▶ _WHAT YOU NEED TO DO_:
Without the pictures, reproduce the records that follow exactly.

──────── EXTRACTED MATERIAL ────────

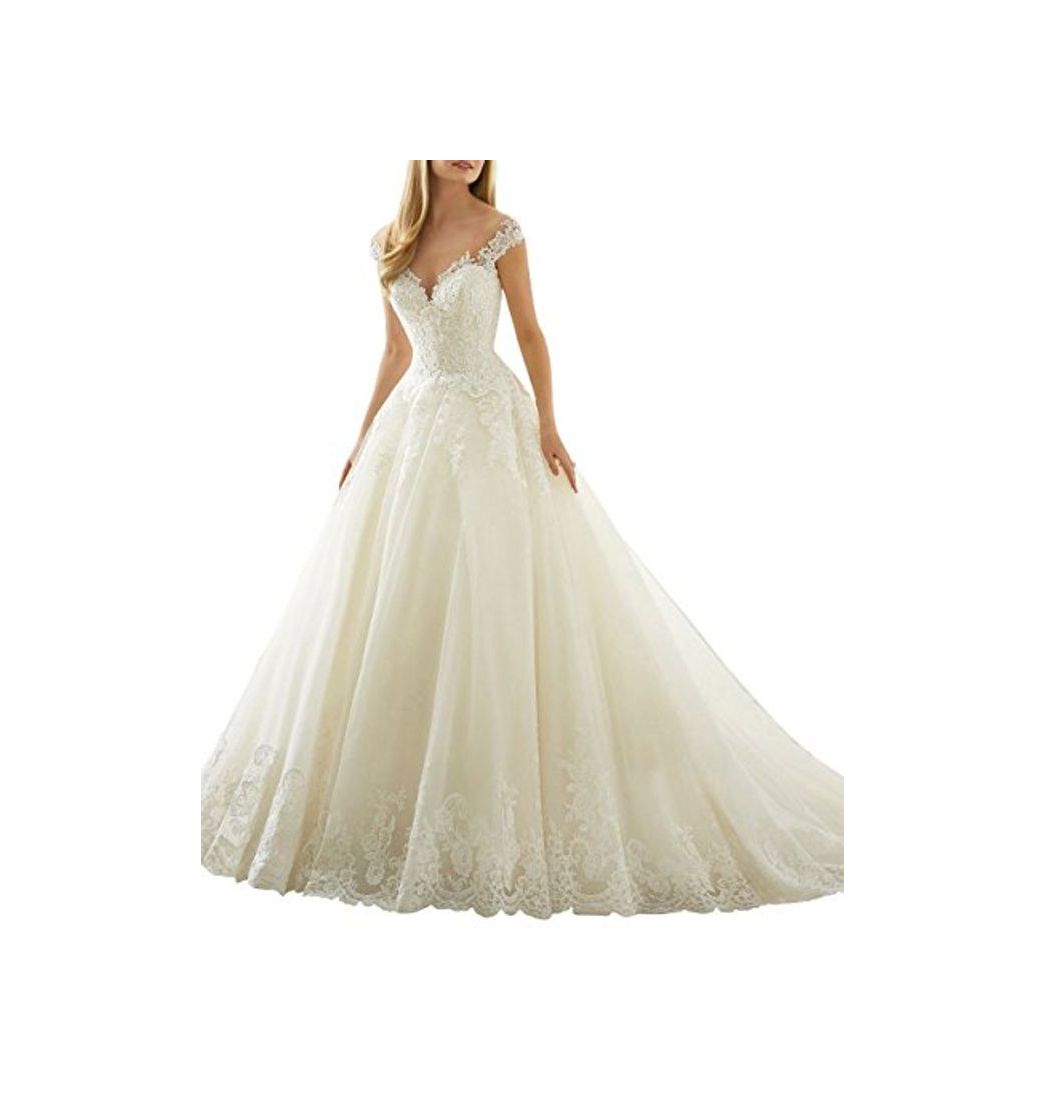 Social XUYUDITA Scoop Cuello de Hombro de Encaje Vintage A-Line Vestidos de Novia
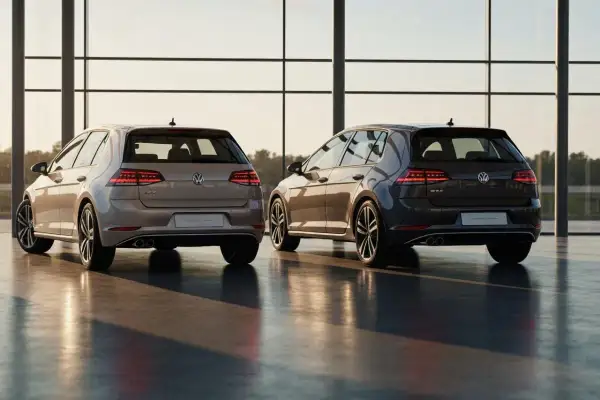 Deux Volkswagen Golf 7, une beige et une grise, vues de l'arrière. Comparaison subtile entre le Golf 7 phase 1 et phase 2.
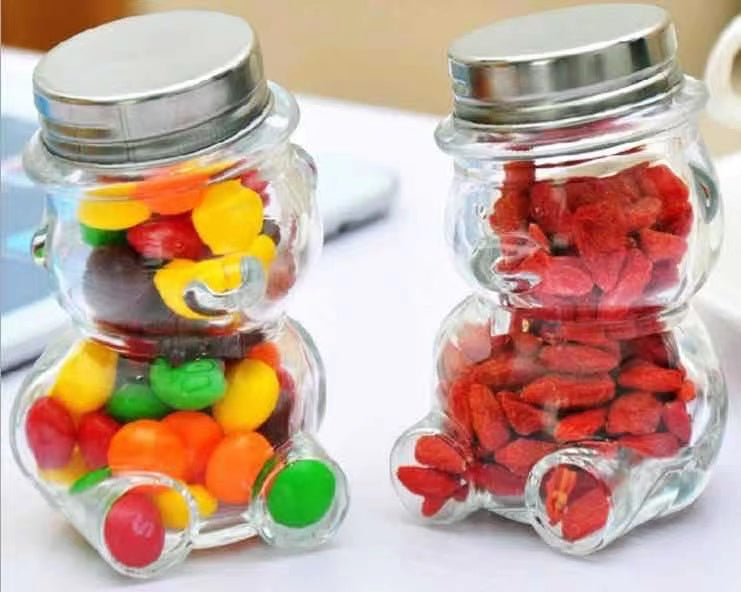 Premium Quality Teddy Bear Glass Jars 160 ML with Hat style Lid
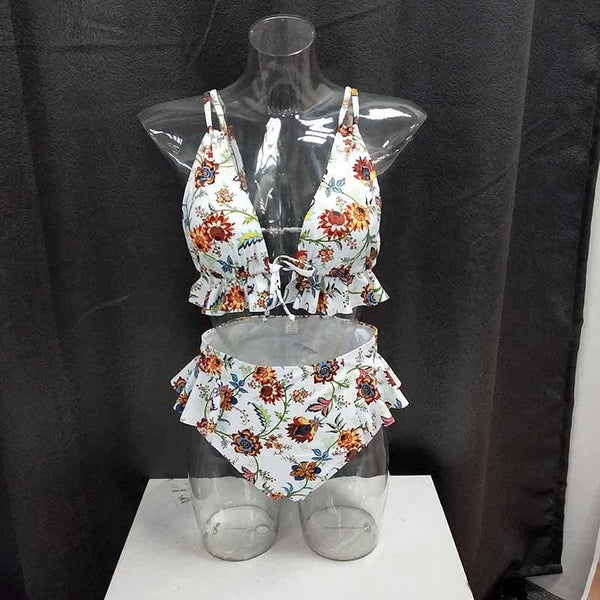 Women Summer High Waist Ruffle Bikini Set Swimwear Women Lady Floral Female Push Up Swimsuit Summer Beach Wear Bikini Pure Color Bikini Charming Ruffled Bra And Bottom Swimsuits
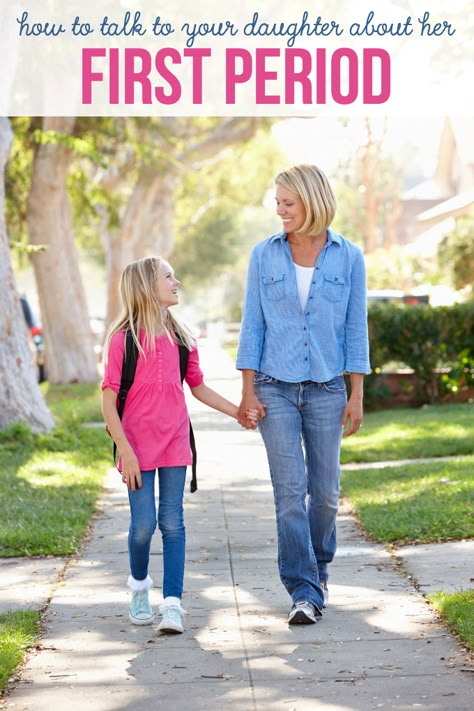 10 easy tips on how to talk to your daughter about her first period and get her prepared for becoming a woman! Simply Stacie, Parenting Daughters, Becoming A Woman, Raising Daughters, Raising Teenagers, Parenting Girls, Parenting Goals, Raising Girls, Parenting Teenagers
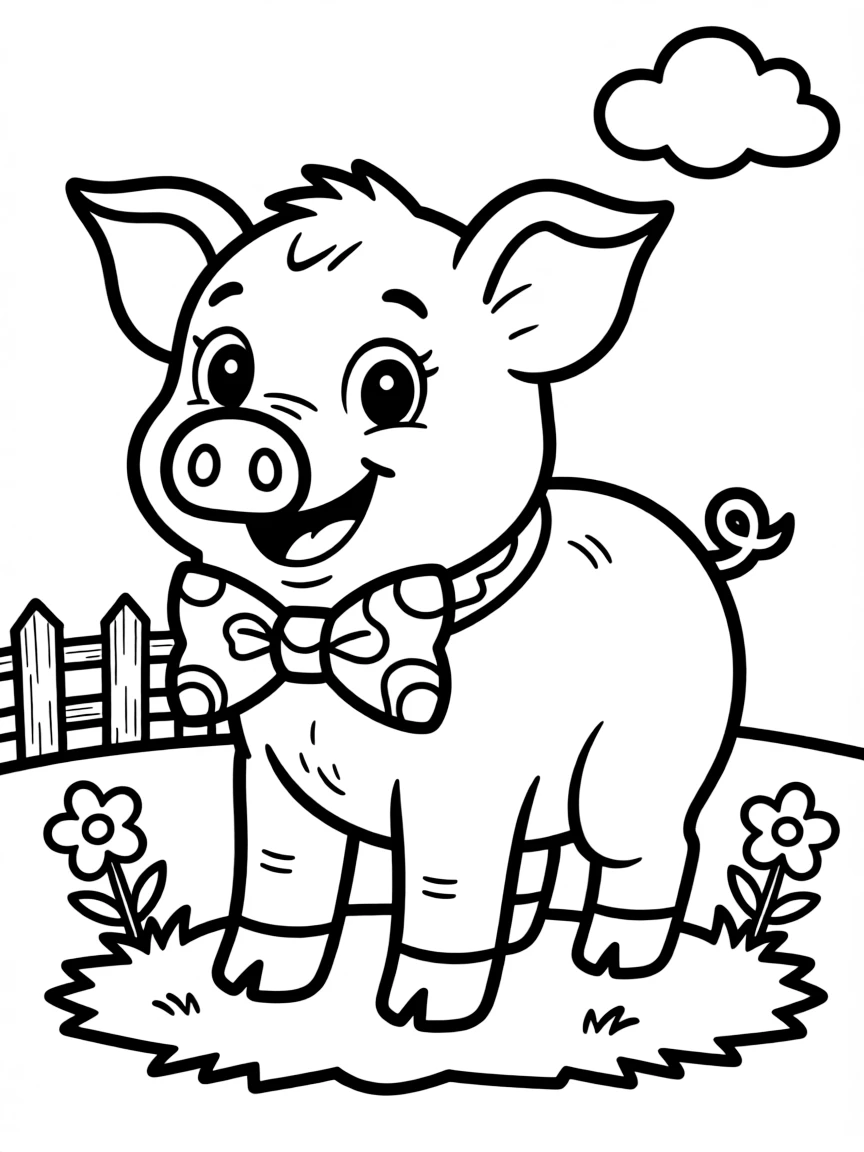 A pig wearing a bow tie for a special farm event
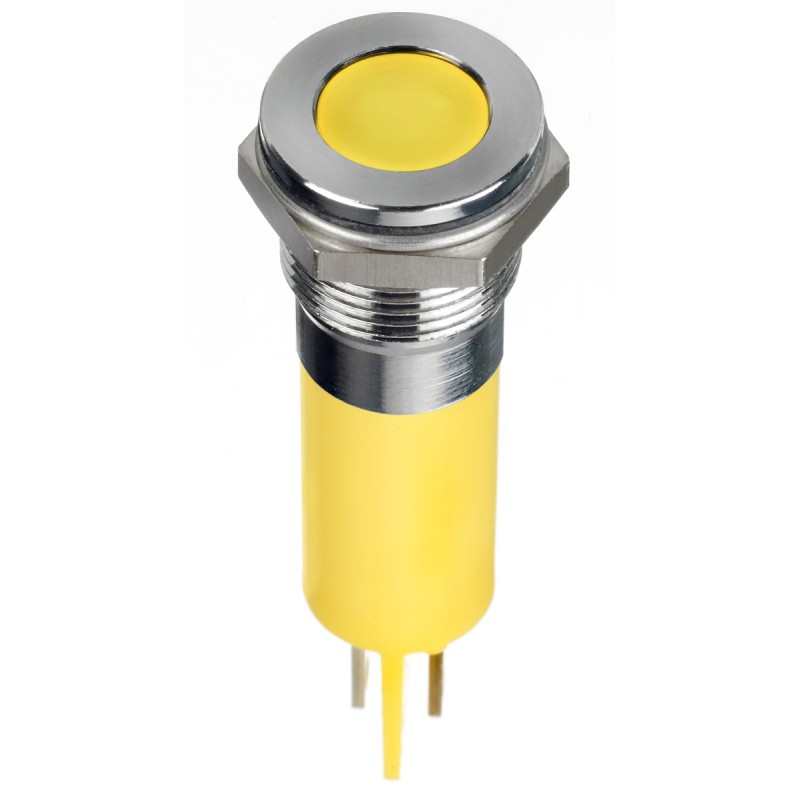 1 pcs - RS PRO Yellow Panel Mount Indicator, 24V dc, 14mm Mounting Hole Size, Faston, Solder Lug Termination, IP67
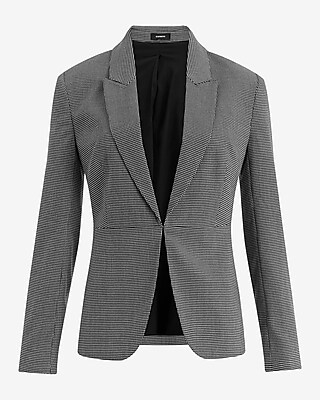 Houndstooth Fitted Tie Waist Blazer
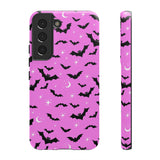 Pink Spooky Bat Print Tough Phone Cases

────────

▶ _ANSWER SPACE_:
 Social XUYUDITA Scoop Cuello de Hombro de Encaje Vintage A-Line Vestidos de Novia
 Deux Volkswagen Golf 7, une beige et une grise, vues de l'arrière. Comparaison subtile entre le Golf 7 phase 1 et phase 2.
 Premium Quality Teddy Bear Glass Jars 160 ML with Hat style Lid
 Women Summer High Waist Ruffle Bikini Set Swimwear Women Lady Floral Female Push Up Swimsuit Summer Beach Wear Bikini Pure Color Bikini Charming Ruffled Bra And Bottom Swimsuits
 10 easy tips on how to talk to your daughter about her first period and get her prepared for becoming a woman! Simply Stacie, Parenting Daughters, Becoming A Woman, Raising Daughters, Raising Teenagers, Parenting Girls, Parenting Goals, Raising Girls, Parenting Teenagers
 A pig wearing a bow tie for a special farm event
 1 pcs - RS PRO Yellow Panel Mount Indicator, 24V dc, 14mm Mounting Hole Size, Faston, Solder Lug Termination, IP67
 Houndstooth Fitted Tie Waist Blazer
 Pink Spooky Bat Print Tough Phone Cases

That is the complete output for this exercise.